Using an in-DB queue doesn't give you zero OpEx does it? Maybe you can make the argument that it's cheaper but it's cheaper for a reason: the job wasn't done properly, so to speak.

Both options introduce new failure modes and op costs into your system. Might as well do it properly if (and this is a huge IF in my opinion) for slightly more cost. When you run into a failure it's standard, maybe the solution is even one Google search away as opposed to realizing, one hour into a late-night debugging session that, shit, that table should be treated as a queue!

derefr · on June 12, 2021

I read your whole reply. I didn't see any mention of anything I'd consider an OpEx cost.

Re: Monitoring

Presuming you're already monitoring anything at all, adding monitoring for a new piece of infrastructure is a pure CapEx cost. You presumably already have monitoring infrastructure running. Its ingestion, by design, will be 99% idle — i.e. it won't need to be scaled horizontally proportionally to the number of components. The only thing needed, then, will be careful up-front design for the monitoring.

Which is usually also a cost already paid for you in advance when you use an abstract job-queue library. They all know how to expose Prometheus metrics endpoints, and they do the accounting to serve those endpoints efficiently (usually using process-local per-job-producer and per-job-consumer counters, which you must then roll up yourself at the PromQL level, taking the irate() to find spikes.)

Re: AAA

> Also, why does no one consider the added "surface for human error" that using a DB for a queue introduces.

Because the type of person who reaches for their DB first to solve a novel problem, is the same type of person who understands and makes use of their DB's security features, to the point that doing more DB-security-config isn't a complex one-off problem for them, but something they can whip off in a few minutes.

For a simple option, you can create two service-account DB roles: a queue_producer, and a queue_consumer. You can put all the job-queue implementation tables in a schema owned by the queue_producer; and then grant the queue_consumer SELECT privileges on all the tables, and UPDATE privileges on some of them. Then, nobody but the job_producer (or a DB superuser) can create or destroy jobs; and nobody but a job_producer, a job_consumer, or a superuser, can read or modify jobs. (Your job-queue abstraction library within your service usually maintains its own DB connection pool anyway, so it's no sweat to have those connections use their own credentials specific to their job-queue role.)

For a more complex — but perhaps useful? — option, the tables themselves can be "hidden" behind stored procedures (DDLed into existence by the abstract job-queue library), where nobody has any privileges (incl. SELECT) on the tables, only EXECUTE rights on the sprocs. And the sprocs are carefully designed to never do anything that could have an unbounded CPU time. Then anyone can "check up on" or even "insert into" the job-queue, but nobody can do anything "funny" to it. (My god, it's an encapsulated API!)

Once again — the libraries that abstract this away, already think about concerns like this, and choose one or the other of these options.

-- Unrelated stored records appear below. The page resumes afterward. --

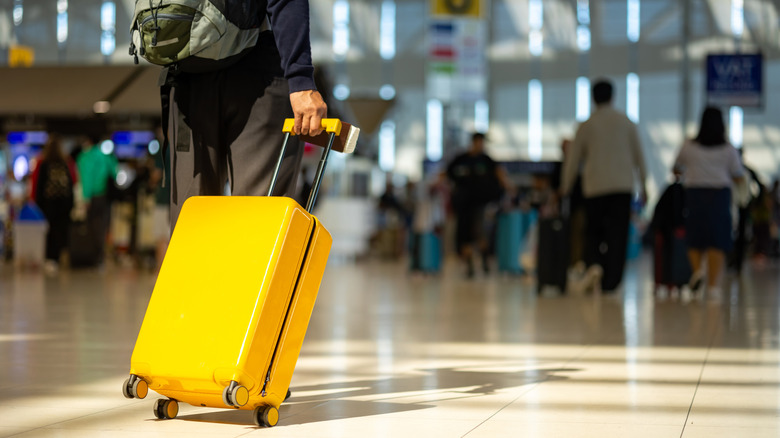 person pulling suitcase in airport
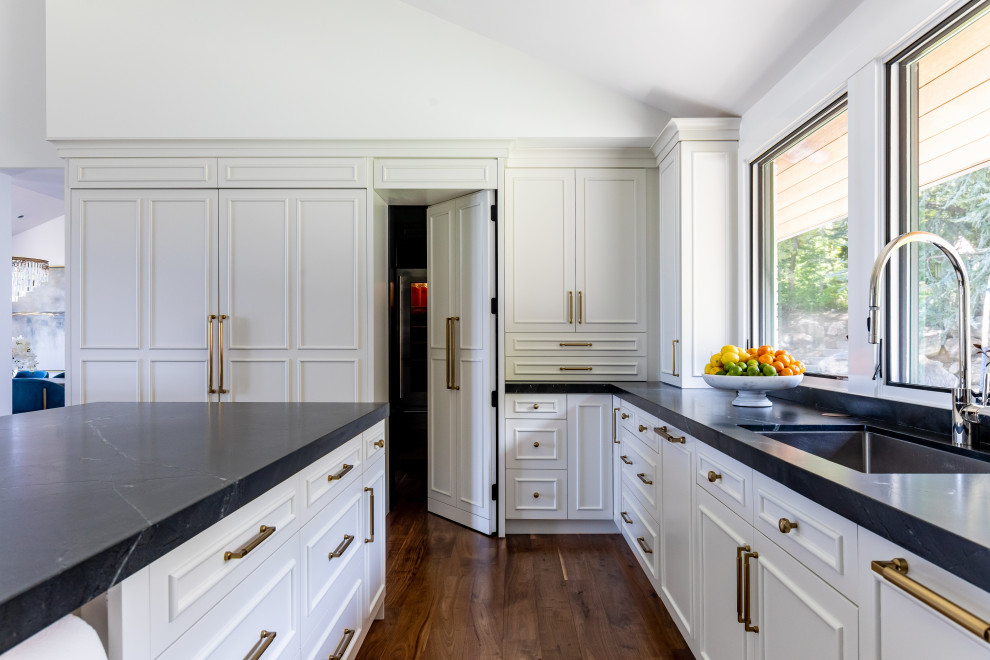 Exempel på ett mycket stort modernt svart svart u-kök, med en undermonterad diskho, släta luckor, vita skåp, marmorbänkskiva, vitt stänkskydd, stänkskydd i marmor, integrerade vitvaror, mellanmörkt trägolv, flera köksöar och brunt golv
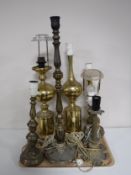 A tray of seven continental brass table lamps.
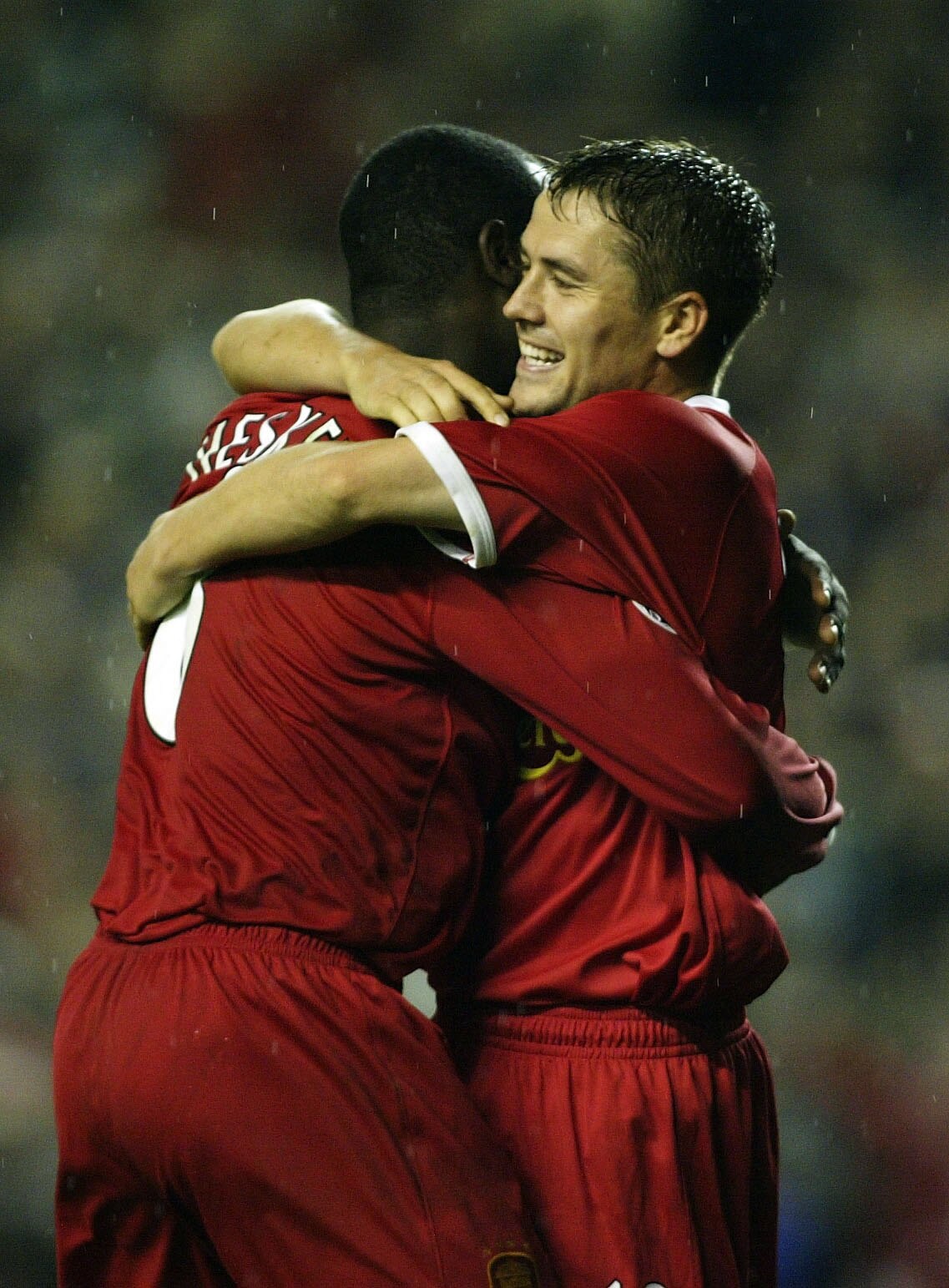 LIVERPOOL - OCTOBER 2:  Emile Heskey of Liverpool celebrates with Michael Owen after scoring the fifth goal during the Liverpool v Spartak Moscow UEFA Champions League phase one, Group B match at Anfield on October 2, 2002 in Liverpool, England. (Photo by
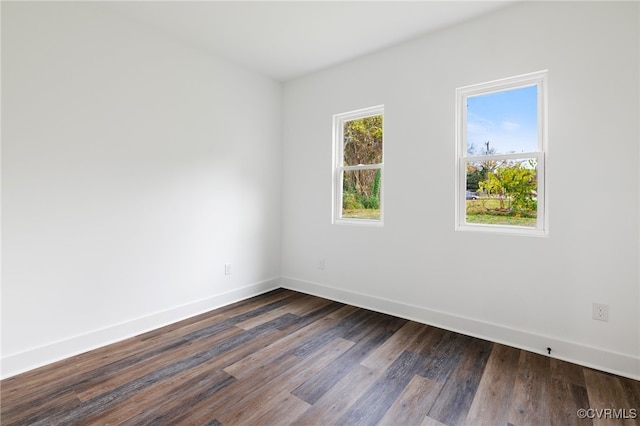 unfurnished room featuring dark hardwood / wood-style flooring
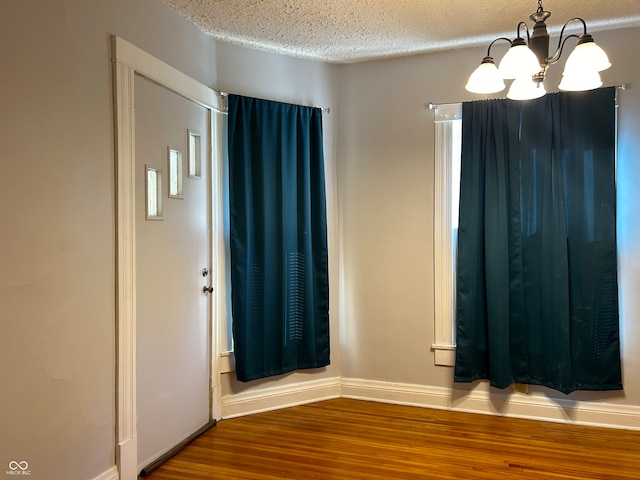 interior space featuring a chandelier, hardwood / wood-style flooring, and a textured ceiling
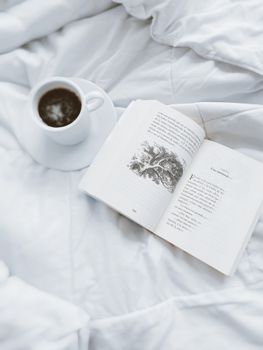 A serene morning scene featuring a cup of coffee and an open book on a soft duvet.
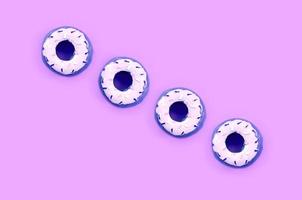 Many small plastic donuts lies on a pastel colorful background. Flat lay minimal pattern. Top view photo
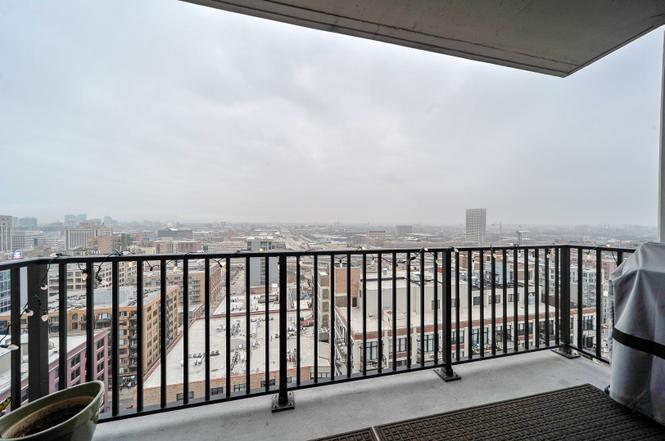 210 South Desplaines Street, Unit 2104 Chicago, IL 60661 - Photo 9 of 9 a balcony with wooden floor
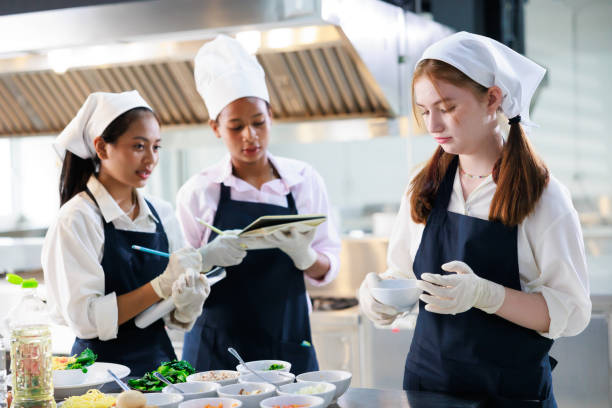 istock take note on book. Cooking class. culinary classroom. group of happy young woman multi-ethnic students are focusing on cooking lessons in a cooking school. 1564672231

That's why libraries like this exist, when the "core premise" is so simple: it's so there's a place to put all the fine details derived from man-years of thought on how to make this approach robust.

-----

On a completely different track, though: having a queue in the DB can sometimes be the optimal (i.e. the "if we had infinite man-hours for design + implementation") engineering decision. This case comes when the thing the queue is operating upon is data in the DB. In such a case, the DB data modification, and the job's completion, can succeed or fail together atomically, as part of a single DB transaction.

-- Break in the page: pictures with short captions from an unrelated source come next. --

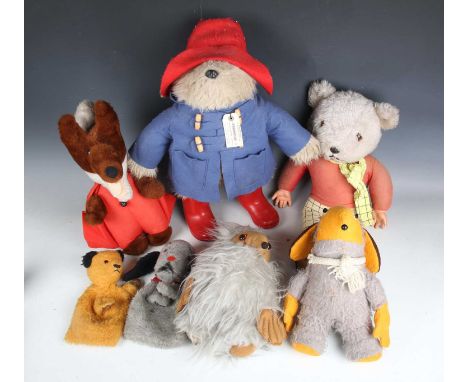 An Eden Paddington Bear, wearing a red hat, blue duffle coat and red boots, height 45cm, and a Paddington carry case, togethe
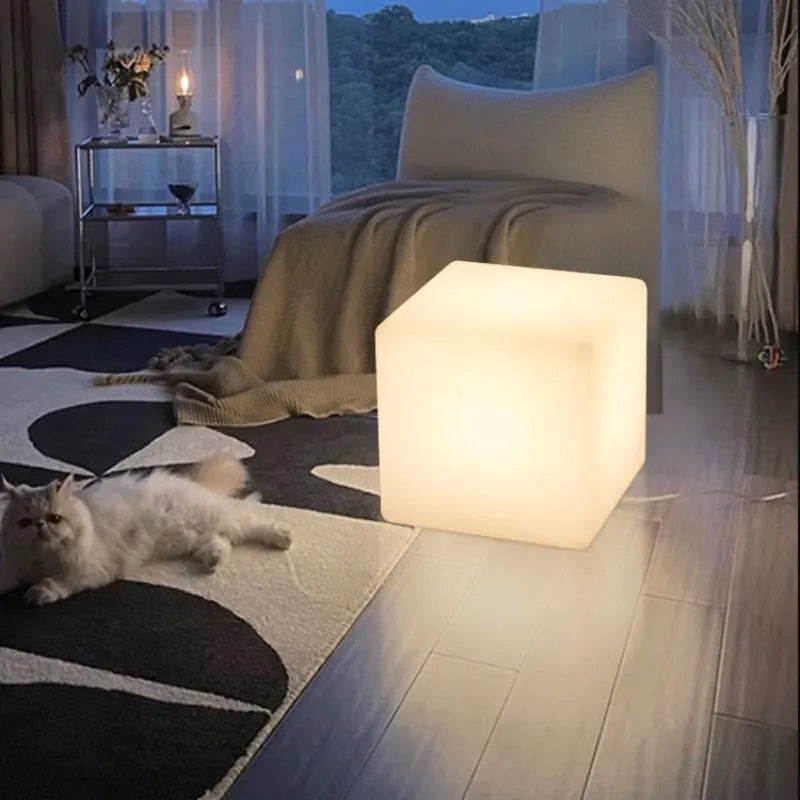 Modern LED illuminated cube stool in outdoor garden setting showing waterproof construction and integrated lighting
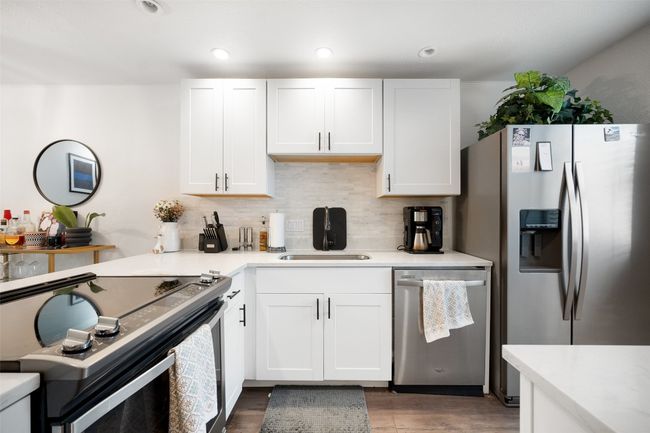 Kitchen featuring stainless steel appliances, decorative backsplash, light countertops, wood finished floors, and recessed lighting | Image 5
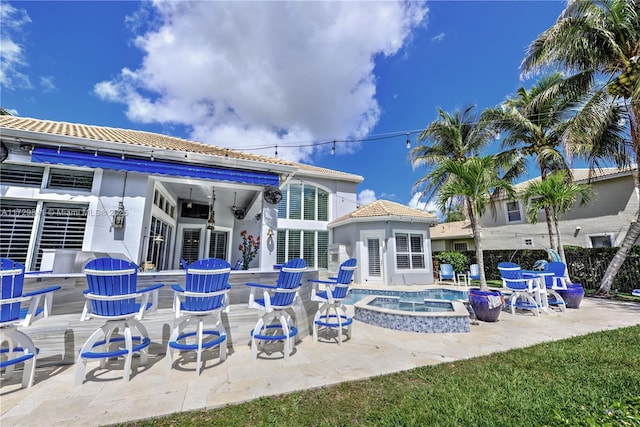 back of property featuring an in ground hot tub, a patio, an outbuilding, and ceiling fan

To accomplish the same thing when your queue lives outside the DB, you usually end up either needing some really gnarly distributed-locking logic that both your DB and your app layer need to know everything about (leaky abstraction!); or you need to completely remodel your data and your job queue into an event-streaming paradigm, so that you can "rewind" one side when the other side fails.

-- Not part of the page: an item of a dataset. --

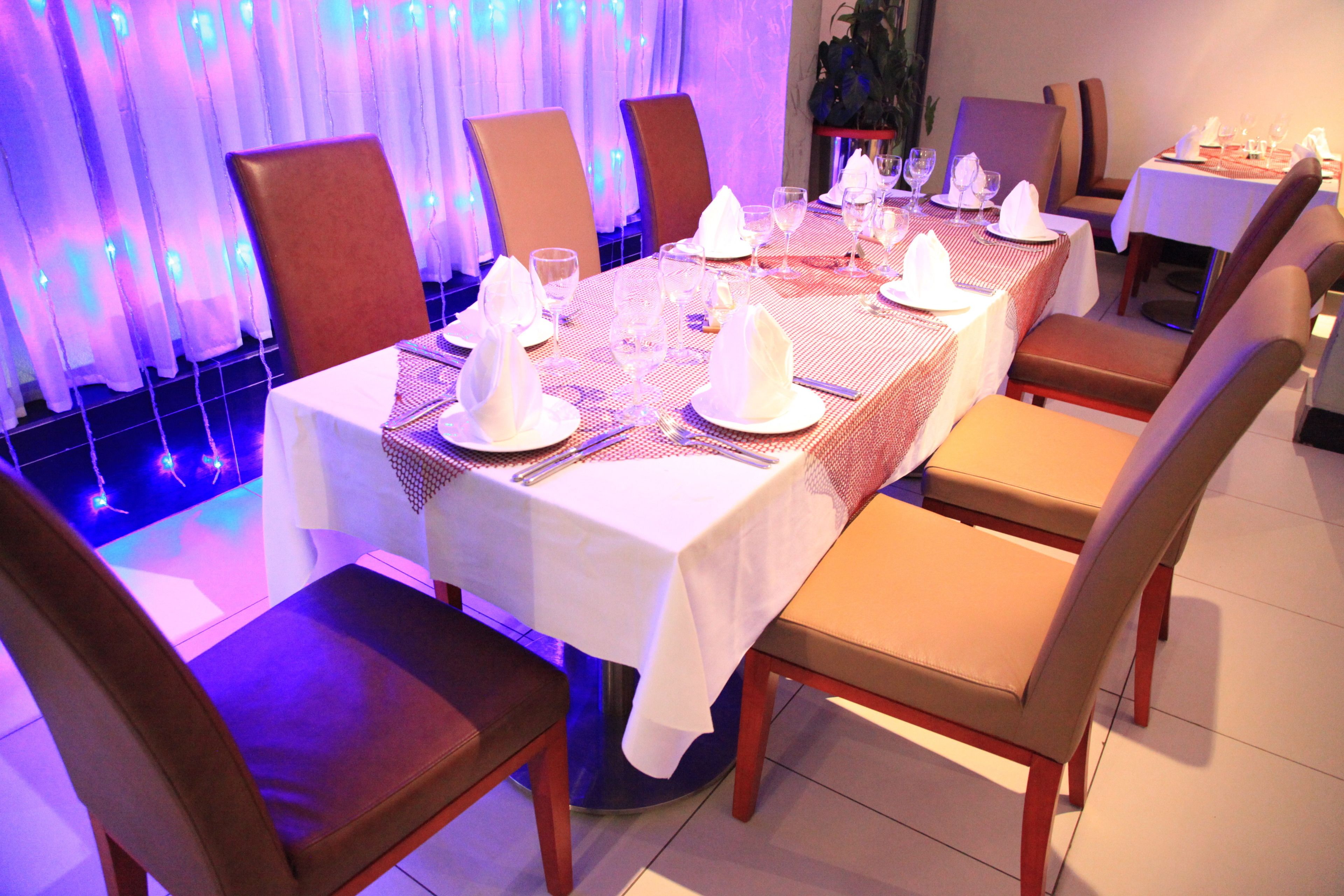 A dining area with a long table set for a meal, surrounded by chairs.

skytreader · on June 12, 2021

> For a simple suggestion, the job queue can live in a schema that is owned by a job-queue service-account role. Nobody other than that user (or a DB superuser) can issue any query in there.

Yes service accounts are fine and dandy but [a] isn't that more hoops borne by choosing the wrong tool for the job (gotta stay mindful of those permissions, you can have an Ansible typo, etc) and [b] as I said, proper queue services would not even allow tampering of enqueued data. For no extra cost other than installing the service. In contrast, your service account falling into a malicious actor is still a threat vector.

> For a more complex — but perhaps useful? — option ...

Now this is just a queue service with extra steps running in a relational DB instead of natively as an OS process. You did cite it as just an option but I don't see why this is an attractive option.

> I didn't see any mention of anything I'd consider an OpEx cost.

It seems to me we have differing definitions of OpEx and, judging by your previous comment, you value this almost exclusively in terms of "the number of ops salaries you have to pay". Even if I play by that definition, I could tell from experience (and also corroborated by other commenters here, in other subthreads of this discussion), that operating a Redis cluster does not need extra warm bodies. The people who monitor that your app responds, your servers aren't running out of memory, could take on the task with little to no additional training.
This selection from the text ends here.